We used the image of the pyramid in order to emphasize the hierarchical relationship between operators that are used in successive microworlds. This notion of hierarchical integration is based on the neo-piagetian theory of Robbie Case (1985). In brief, this theory states that the qualitative improvement of children's cognitive structures is impaired by quantitative limitations in controlling elementary structures. To by-pass this limitation, children restructure their knowledge into higher order schemes that recombine patterns of previously existing sub-schemes. The relationship between Case's theory and MEMOLAB is described in Appendix IV: "The Design Metaphors" (page 33).
The pyramid metaphor illustrates our conception of system design, as we described it initially (see section 2. "Research Methodology" on page 3). In itself, the pyramid is not a very original image. It simply helps the designer to `view' his own system within a theoretical framework, for instance to think of the relationship between two corresponding system operators at different levels as the relationship between two schemas in Case's theory.

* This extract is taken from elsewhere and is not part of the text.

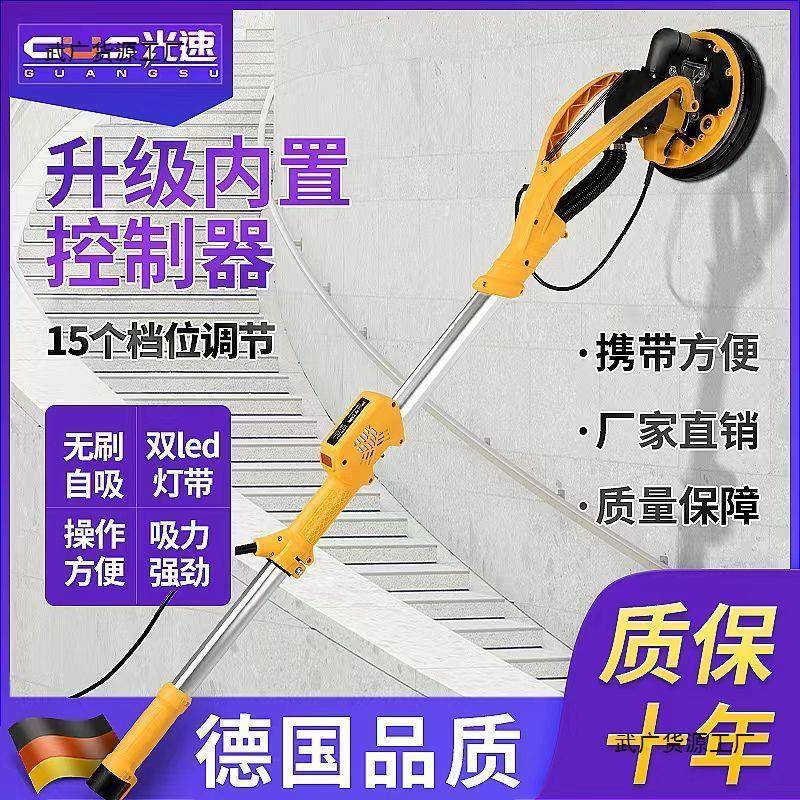 无刷内置自控制器超轻墙面打尘磨机吸砂无品牌/纸机腻子无磨壁墙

Learning does not only result from solving problems or using tools, but also from interacting with agents about these on-going activities. Even if the environment is rich and structured, some learners may need help while they solve problems. Some learners need to be pushed forward, otherwise they repeatedly use the same inefficient methods. An agent can of course be human, e.g. a tutor who monitors the learner's work or some peer learner sharing a desk. Regarding computational agents, we distinguish two types of agents:
This discrimination between two classes of agents has been essential in separating pedagogical knowledge from domain-specific knowledge and therefore to extract from MEMOLAB the components that constitute the toolbox. This architecture will be described in the next section.
- Agents that conduct domain specific interactions (i.e. help to build an experiment). These agents can be domain experts or a computerized collaborative learner (Dillenbourg & Self, 1992b). One can also have several experts that solve the same problem with different viewpoints (Moyse & Elsom-Cook, 1992). The interaction between the expert and the human learner concerns the problem to be solved.
- Agents that select and monitor learning activities or help the learner to manage his own learning process. In MEMOLAB, we discriminated two kinds of pedagogical agents, the tutors and the coach who is a kind of "tutor in chief". The various tutors have the same function but fulfill it differently according to their style.